Quando si parla di filiera zootecnica, non si deve partire dal consumatore finale, ma dalla stalla, dai nostri allevamenti e allevatori, e solo successivamente arrivare al mercato.
“Non possiamo avere una filiera che schiaccia chi produce la materia prima e, come al solito, arricchisce esclusivamente la distribuzione commerciale”, ha aggiunto il referente provinciale dell’area zootecnica, Francesco Bianco. “Esiste un gap non più sostenibile, che mette a serio rischio la tenuta di centinaia e centinaia di aziende zootecniche. Non possiamo tollerare un prezzo finale del latte che viaggia a quota due euro al consumatore finale e avere alla stalla un prezzo che oscilla da 0,42 euro a 0,48: una forbice che mortifica gli attori principali della filiera. Siamo preoccupati – ha detto Bianco – per un’eventuale previsione di contrazione del consumo del latte, che andrebbe a creare ulteriori problemi, anche di natura alimentare, perché consapevolmente tutti conosciamo i benefici alimentari di questo prodotto. Ancora una volta, alla soglia delle imminenti consultazioni elettorali politiche per il rinnovo del Parlamento Italiano, facciamo un accorato appello, affinché si intervenga in modo deciso, e che la politica responsabilmente si faccia carico del disagio che sta vivendo tutto il sistema agroalimentare provinciale e regionale, assumendosene la responsabilità economica e sociale, perché se viene meno il sistema produttivo agroalimentare, verrà meno la tenuta sociale dei nostri territori. Non si può rimanere inermi di fronte alla chiusura di alcune stalle, non esistendo più una convenienza produttiva, dovuta, tra i tanti rincari, anche al folle rialzo dei prezzi dei mangimi”.

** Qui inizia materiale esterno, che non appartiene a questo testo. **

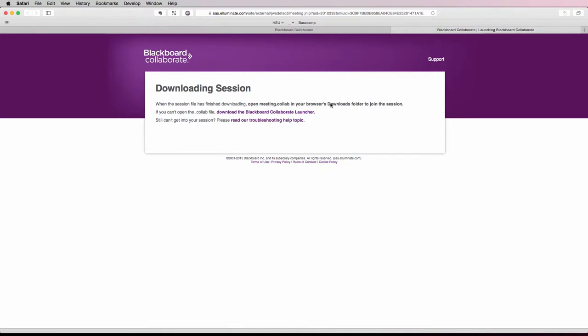What will happen next is the session file will be downloaded to your computer. It will either be a meeting.collab file if you're on a Mac or a meeting.jnlp file if you're on Windows.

I DATI. Il comparto lattiero-caseario pugliese conta oltre 2mila aziende con vacche e bufale, circa 3mila con ovini e caprini da latte. In questo particolare settore, la maggioranza delle imprese si concentra nelle province di Bari e Taranto. Nel Foggiano e nel Barese si concentra la maggiore presenza di allevamenti ovicaprini. Il numero di capi allevati si attesta attorno ai 70mila per bovini e bufalini, mentre registra oltre 300mila ovicaprini. In Puglia, c’è un aumento delle dimensioni medie d’impresa, ma è ancora insufficiente se paragonato alla media nazionale. Per quanto riguarda le bufale, è la provincia di Foggia a detenere il primato pugliese. Sono circa 200 le unità di trasformazione e raccolta del latte in tutta la Puglia. Particolarmente rilevante su base regionale, nel complesso, è la diffusione di caseifici privati, mentre molto lavoro c’è da fare per accrescere il numero delle cooperative dedicate alla raccolta e alla lavorazione del latte. A differenza del comparto olivicolo, quello lattiero-caseario vede una scarsa presenza di Organizzazioni dei produttori.